Sunday, March 25, 2018

SPLASHes in Wikidata

Mass spectrum from the OSDB (see also this post).
A bit over a year ago I added EPA CompTox Dashboard IDs to Wikidata. Considering that an entry in that database means that likely is something known about the adverse properties of that compound, the identifier can be used as proxy for that. Better, once the EPA team starts supporting RDF with a SPARQL end point, we will be able to do some cool federated queries.

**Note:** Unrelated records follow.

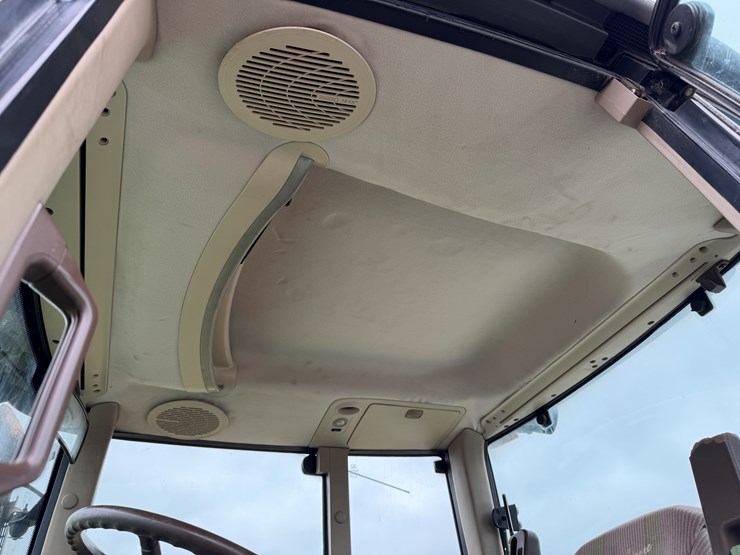 john-deere-6420-image-6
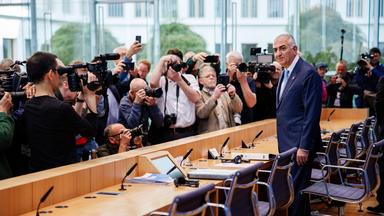 Pahlavi nennt Verhalten der Bundesregierung "beschämend"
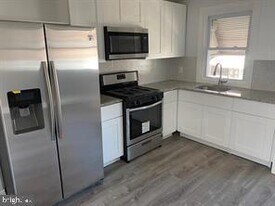 5822 Saul St in Philadelphia, PA - Building Photo
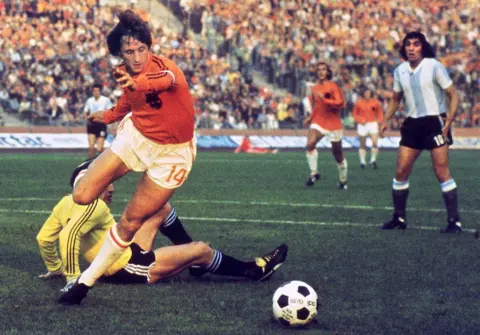 Getty Images Johan Cruyff in the orange strip of his country against Argentina at the 1974 World Cup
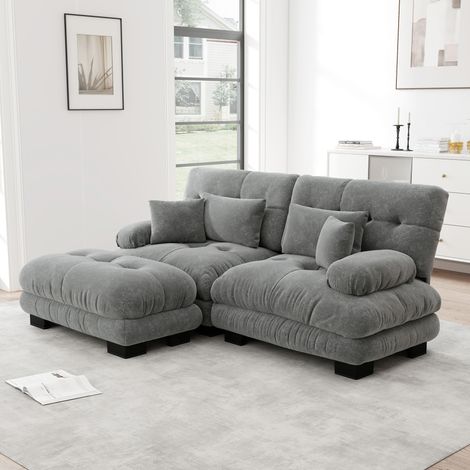 Canapé d'angle Cloud 2 places en tissu velours gris, méridienne avec pouf, 2 oreillers lombaires et 2 coussins déco, canapé rembourré à larges accoudoirs pour salon. (1/5)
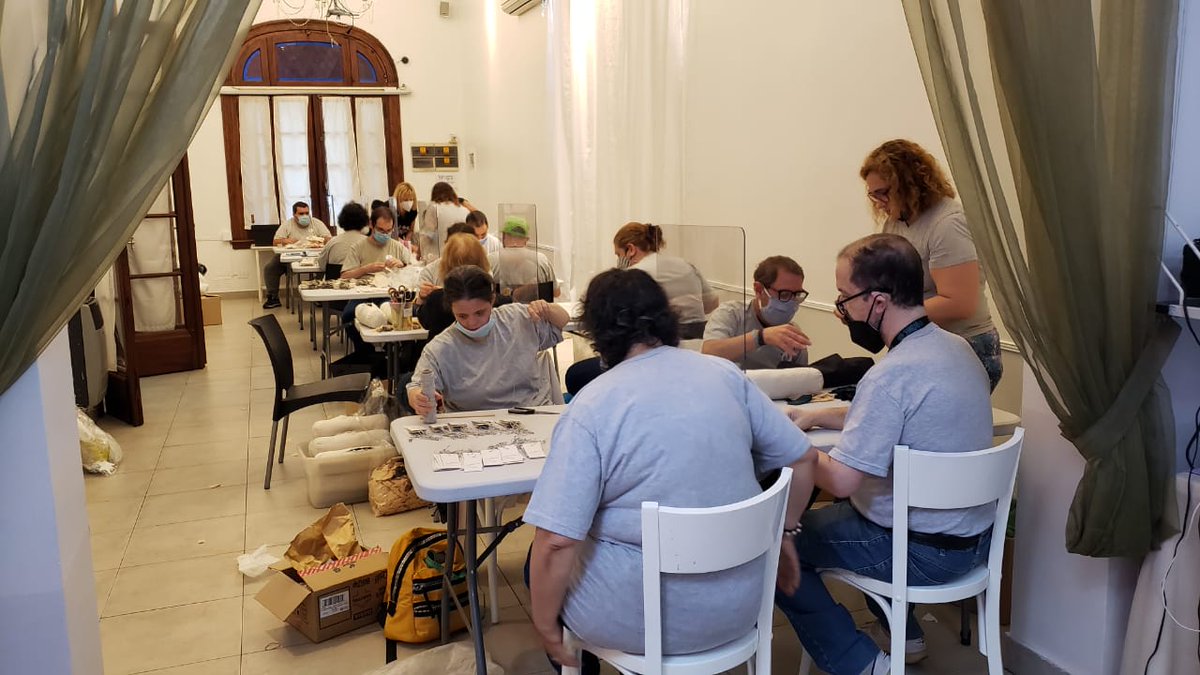 VOLVIMOS TODOS a Trabajar Presencial!
Estamos muy orgullosos de haber podido continuar con nuestro trabajo de manera virtual. Gracias a todas  empresas, trabajadores,  voluntarias,  voluntarios, familiares, coordinación,CD y dirección por su  compromiso incondicional!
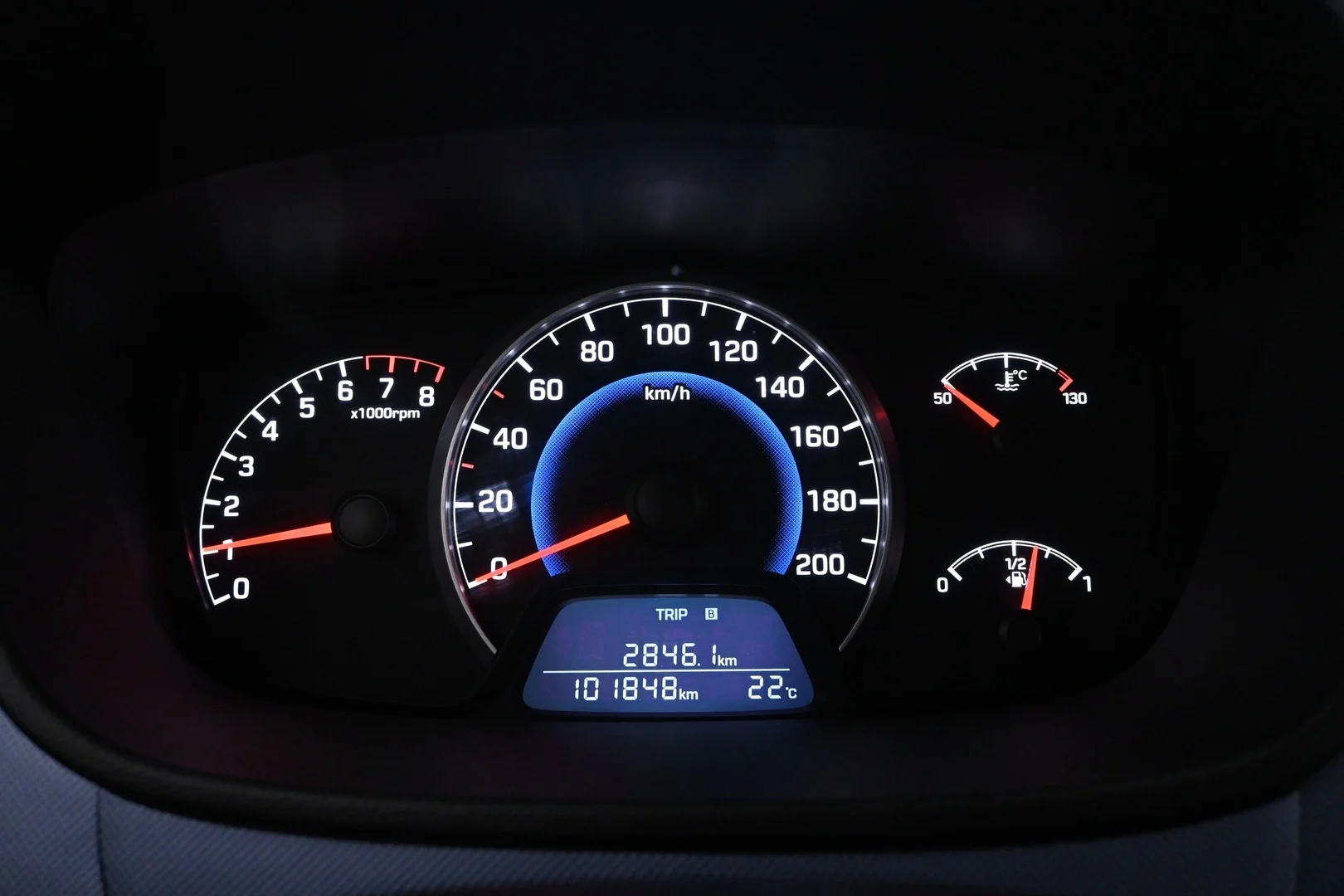 Car Image - 4i4YC0Y8LrvvXtry9yALWw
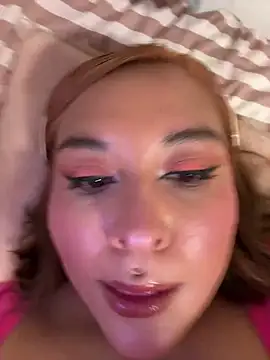 Snapshot of Nailealipsglossy chatting on February 15, 2026, 10:14 am Nailealipsglossy online show from February 15, 2026, 10:14 am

For metabolomics the availability of mass spectra is of interest for metabolite identification. A while ago the SPLASH was introduced (doi:10.1038/nbt.3689), and adopted by several databases around the world. After the recent metabolomics winterschool it became apparent that this is now enough adopted to be used in Wikidata. So, I proposed a new SPLASH Wikidata property, which was approved last week (see P4964). The MassBank of North America (MoNA; Fiehn's lab) team made available a mapping the links the InChI for the compounds with SPLASH identifiers for spectra for that compound, as CCZero.

So, over the weekend I pushed some 37 thousand SPLASHes into Wikidata :)

This is for about 4800 compounds.

Yes, technically, I used the same Bioclipse script approach as with the CompTox identifiers, resulting in QuickStatements. Next up is SPLASHs from the Chalk's aforementioned OSDB.